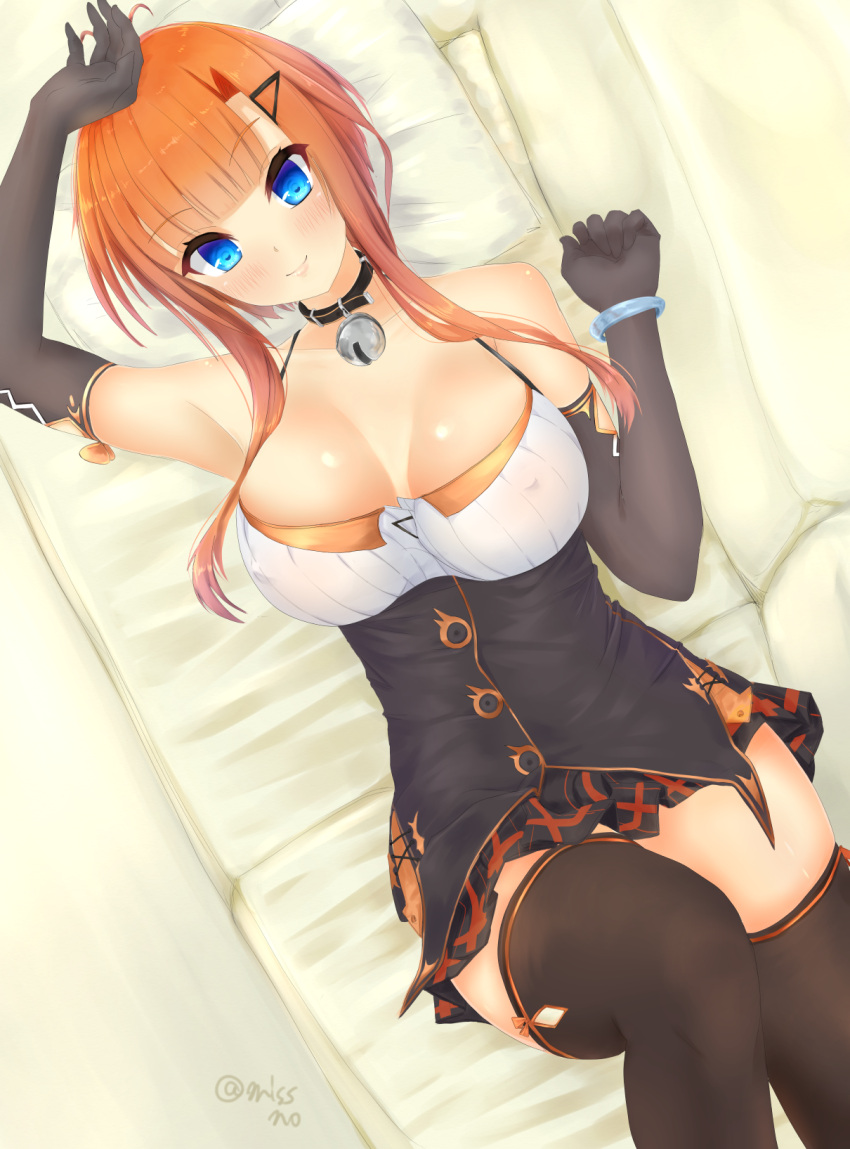 1girl armpits artist_name azur_lane bangs bare_shoulders beagle bell bell_collar black_gloves black_legwear blue_eyes blunt_bangs breasts cleavage closed_mouth collar elbow_gloves erect_nipples eyebrows_visible_through_hair foxhound_(azur_lane) gloves hair_ornament hairclip halterneck highres jingle_bell large_breasts looking_at_viewer lying mattress miniskirt miss_non on_back orange_hair pleated_skirt short_hair_with_long_locks sidelocks skirt smile solo thigh-highs underbust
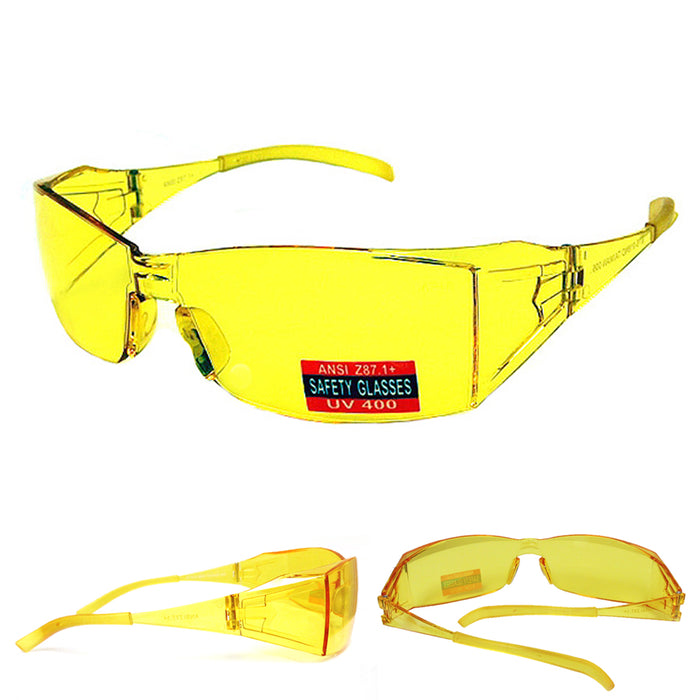 1 Pair Protective Safety Glasses Yellow UV400 Lens Eyewear Night Driving Goggles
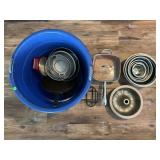 TUB FULL OF POTS AND PANS, STAINLESS STEEL NESTING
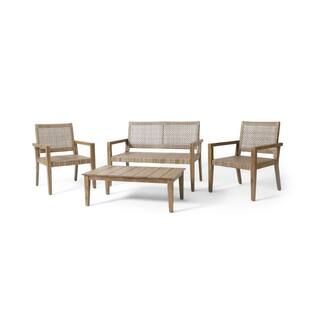 Noble House Coloma Light Multi-Brown and Light Brown 4-Piece Wicker and Wood Patio Conversation S... | The Home Depot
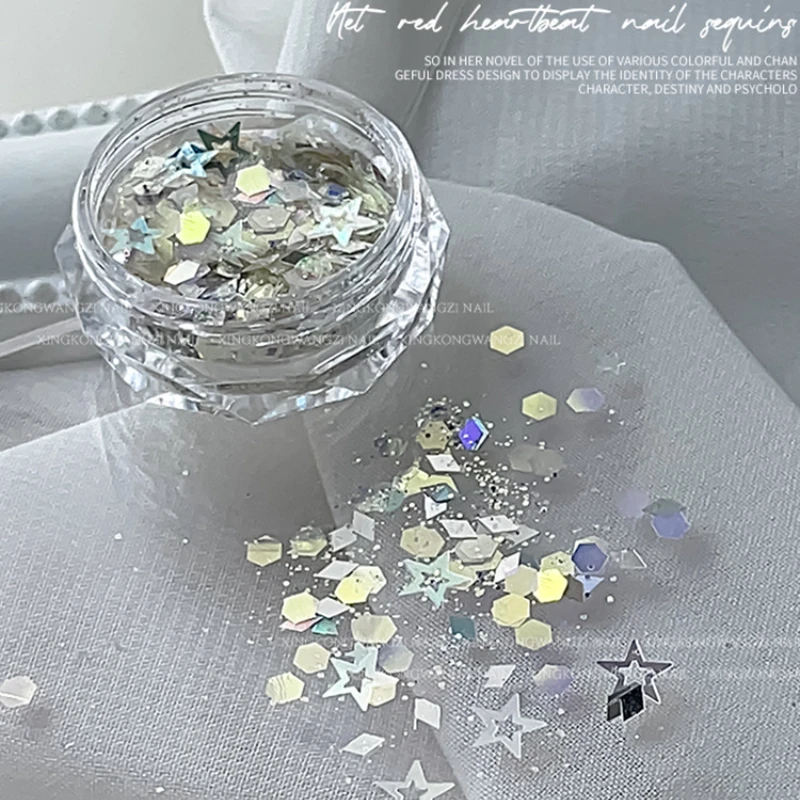 레이저 하트 별 모양 네일 스팽글 3D 글리터 플레이크 팔레트 키트, 네일 아트 장식, 매력 매니큐어 네일 액세서리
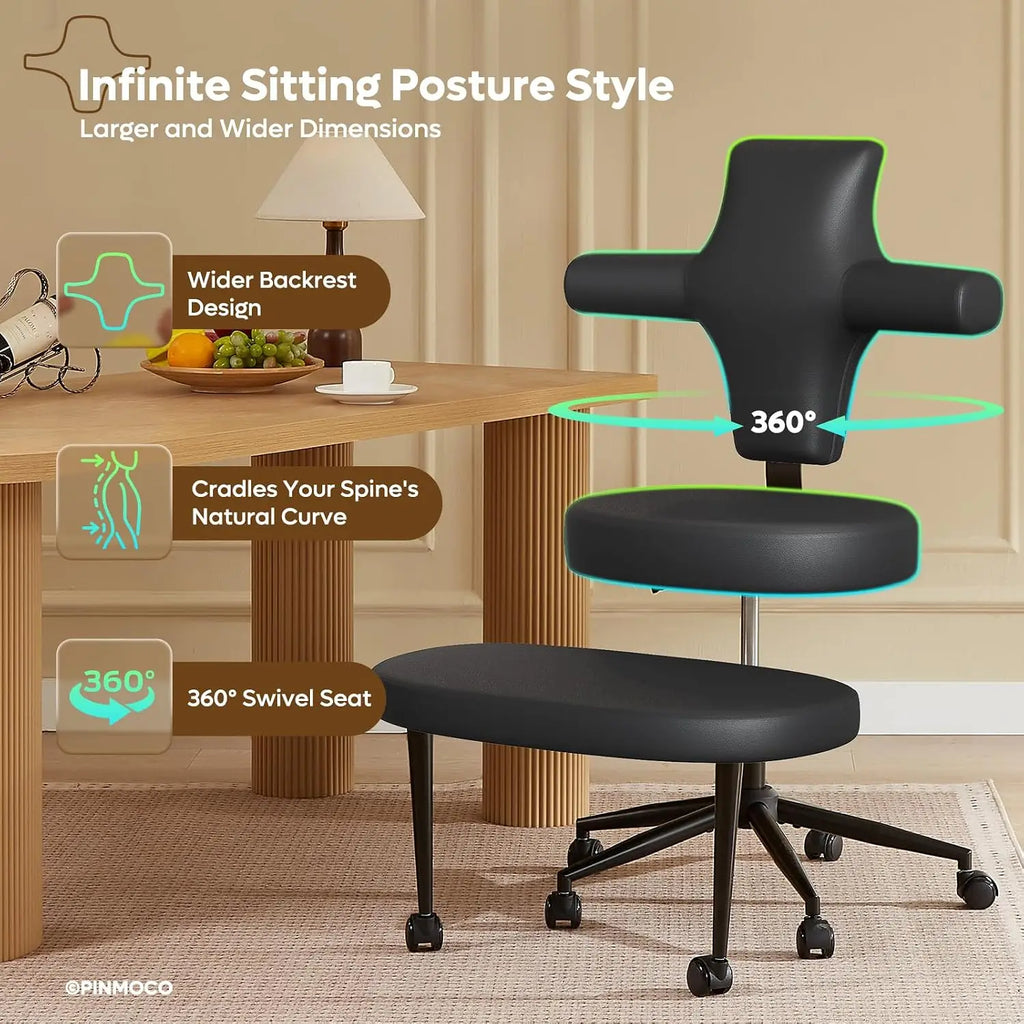 Ergonomic Cross Legged Office Chair Extra Wide for ADHD and Meditation, Kneeling Chair with 360° Swivel Wheels and, Custom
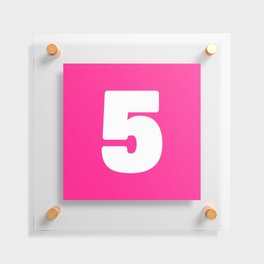 5 (White & Dark Pink Number) Floating Acrylic Print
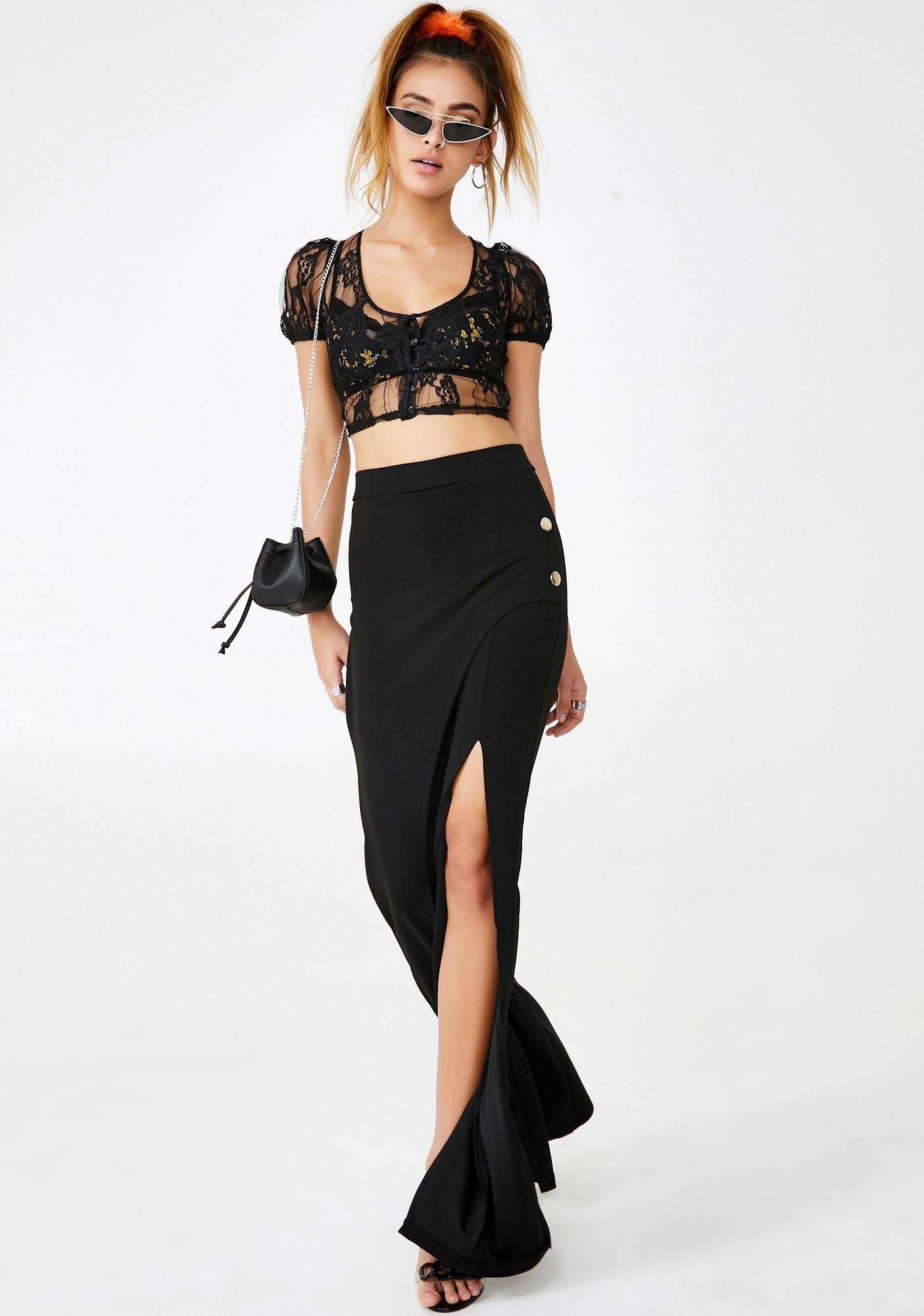 Black Lace Crop Top Button Up | Dolls Kill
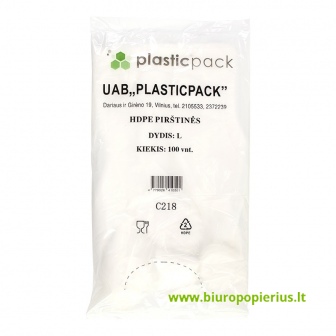  Polietileno pirštinės PLASTICPACK, HDPE, L dydis, 100 vnt.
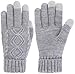 Simplicity Women's Gloves Three Fingers Knit Touchscreen Gloves, Grey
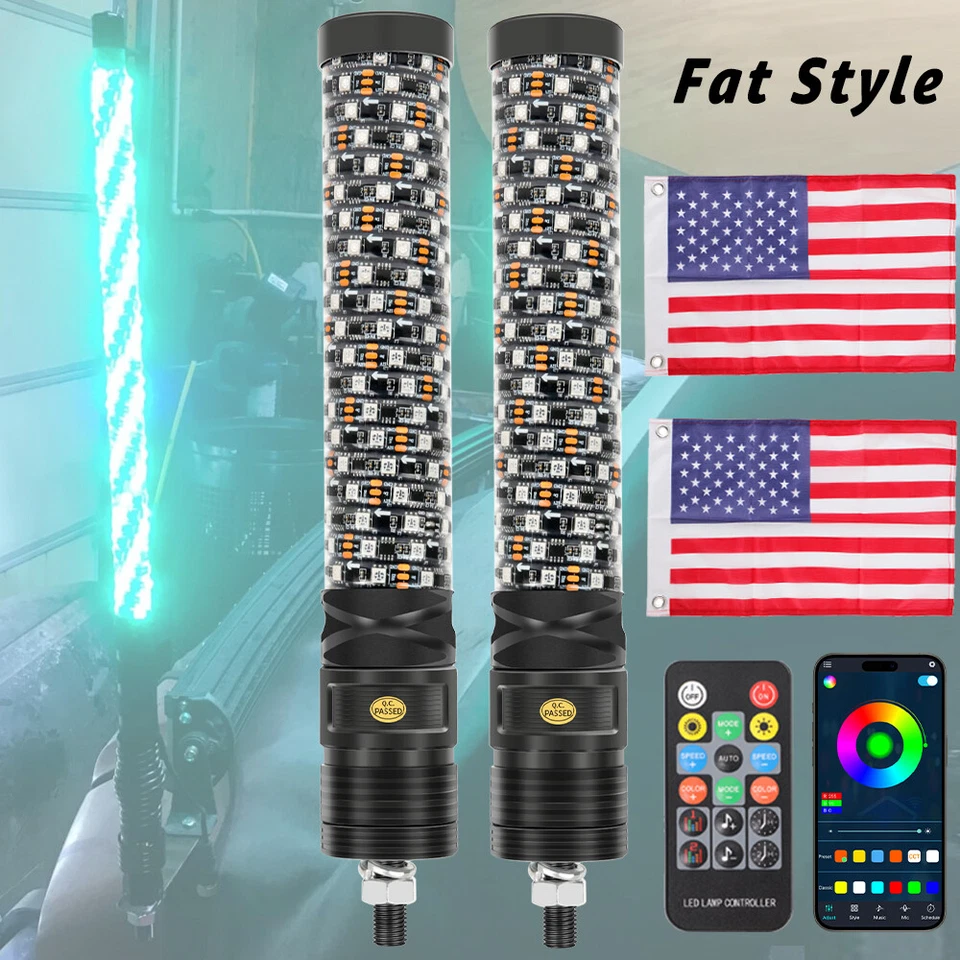 2x Antena de luz LED de látigo de grasa espiral de 3 pies RGB para Can-Am Maverick Sport Max 1000R Foto 3 de 4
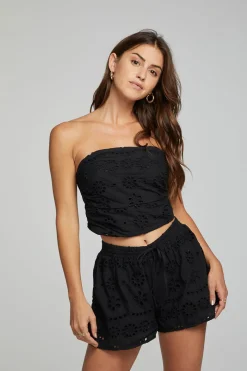 Cheap Chaser Brand Pier Crop Top - Black Onyx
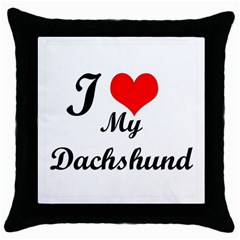 I Love My Beagle Throw Pillow Case (black)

◇ ◇ ◇

### ASSIGNMENT
Exact lines, nothing more: output the one with "2x Antena de" and every later line through the end of the data, skipping pictures.

### ANSWER BOX
 2x Antena de luz LED de látigo de grasa espiral de 3 pies RGB para Can-Am Maverick Sport Max 1000R Foto 3 de 4
 Cheap Chaser Brand Pier Crop Top - Black Onyx
 I Love My Beagle Throw Pillow Case (black)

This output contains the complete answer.